Sarodj Bertin Durocher (born April 4, 1986) is a Haitian lawyer, best known as a beauty pageant contestant.

Early life and education
Bertin was born in Haiti, and is the daughter of Mireille Durocher and Jean Bertin. Bertin's mother, who was a lawyer and an outspoken critic of then president Jean-Bertrand Aristide, was murdered on March 28, 1995, in Port-au-Prince. She was shot in broad daylight while being driven by a client, Eugene "Junior" Baillergeau, away from the U.S. military's Camp Democracy headquarters. Baillergeau, who was killed along with Durocher Bertin, was in litigation with the U.S. military over damages a U.S. helicopter had allegedly done to his private plane.

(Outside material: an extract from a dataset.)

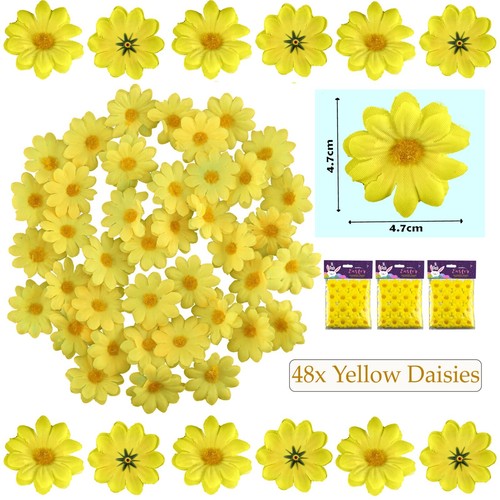 Artificial Flower Heads 4.7cm Fake Daisy Flowers, Easter Bonnet Party Decoration - Picture 9 of 42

After her mother's murder, she was sent to the Dominican Republic where she grew up in exile.

In the Dominican Republic, she learned Spanish and English, in addition to her native French and Haitian Creole.

Between 2003 and 2010, she studied law in Universidad Iberoamericana (UNIBE) of Santo Domingo and Pontificia Universidad Católica Madre y Maestra (PUCMM) of Santiago, and is currently a human rights lawyer. She has worked for the International Alliance for Haiti's Recovery.

Career
In 2015 she was elected on Luz García’s Noche de Luz programme as a "Summer’s Hot Body".

Pageantry
After the 2010 Haiti earthquake, Bertin entered the Miss Haiti Universe contest and won. She spent several months in Puerto Rico with the director of the Miss Dominican Republic and Miss Haiti franchises, Magali Febles, who took charge of her training for 2010 Miss Universe pageant.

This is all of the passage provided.